Those price increases have put Valeant in the hot seat recently, with lawmakers demanding information on the company's strategy, particularly on a couple of large--and highly publicized--increases. Last week, Valeant revealed that it had received subpoenas from the U.S. Attorney's Office for the District of Massachusetts and from the U.S. Attorney's Office for the Southern District of New York, requesting materials largely related to its pricing decisions. 

CEO J. Michael Pearson has maintained that hiking prices--which Valeant has done 56 times this year alone--isn't a key facet of the company's broader strategy. As he outlined Monday on a conference call, the company has other moves up its sleeve to keep business booming.

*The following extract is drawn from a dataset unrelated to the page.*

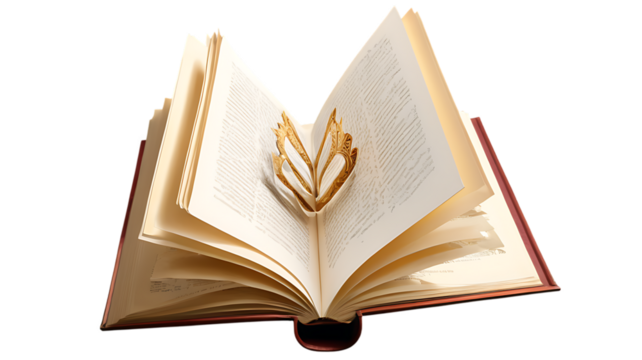 "Cut-out of an open book, symbolizing knowledge and imagination."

For one, it may hive off its neurology and "other" drugs business, he told investors, a non-core unit that would make up about 10% of future sales.

"Given the current environment, I think that it probably doesn't make sense for us to hold on to it," he said, as quoted by Bloomberg. "Hopefully we'll figure out a way to do it in a way that shareholders can continue to participate in an entity that's maybe not a growth company, but a big dividend company."

Valeant also plans to sock more money into R&D, an area where it's traditionally been averse to spending. Instead, it's thrown its weight behind acquisitions--and it'll continue to do so, though with different criteria.

"It's likely we'll pursue fewer if any transactions that are focused on mispriced products," Pearson said on the call.

Instead, the company will be seeking "durable" assets that would fit with its Bausch + Lomb eyecare business, which it picked up back in 2013, Reuters reports.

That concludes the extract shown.